Text analysis tasks have been around for some time as the needs are always there. Research has come a long way, from simple statistical descriptions to text classification and advanced text generation. With the addition of the large language model to our arsenal, our work tasks become even more accessible.

Scikit-LLM is a Python package developed for text analysis activities with the power of LLM. This package stood out because we were able to integrate the standard Scikit-Learn process with Scikit-LLM.

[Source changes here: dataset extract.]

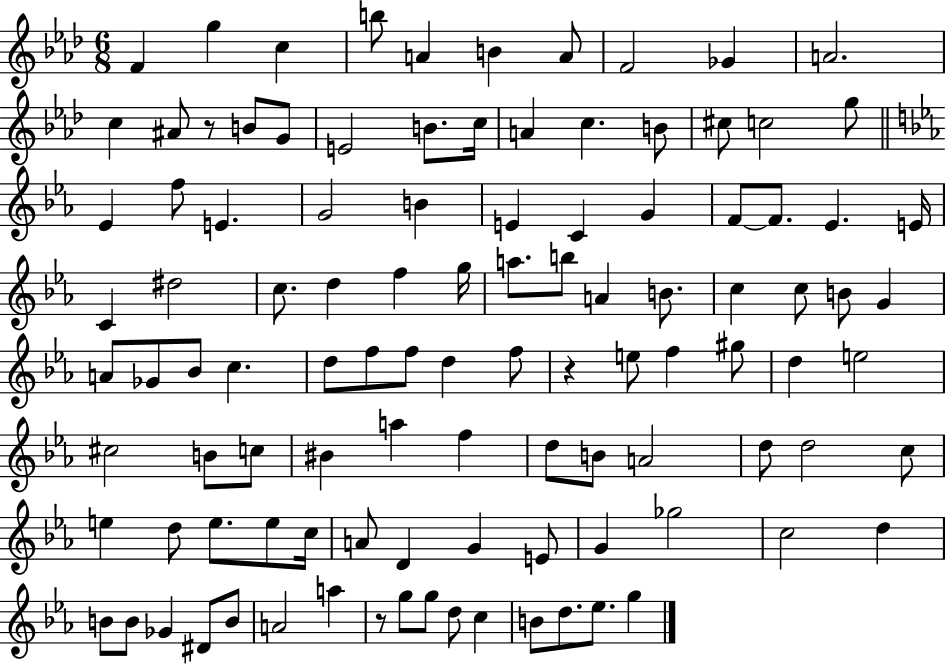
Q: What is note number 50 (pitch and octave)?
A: A4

So what is this package all about and how does it work? Let's get into it.

Scikit-LLM is a Python package to enhance text data analysis tasks through LLM. It was developed by ai/” rel=”noopener” target=”_blank”>beatsbyte to help bring together the Scikit-Learn standard library and the power of the language model. Scikit-LLM created their API to be similar to the SKlearn library, so we don't have too many problems using it.

Facility

To use the package, we need to install them. To do that you can use the following code.

At the time of writing, Scikit-LLM only supports some of the OpenAI and GPT4ALL models. That's why we would only work with the OpenAI model. However, you can use the GPT4ALL model by installing the component initially.

pip install scikit-llm(gpt4all)

After installation, you must configure the OpenAI key to access LLM models.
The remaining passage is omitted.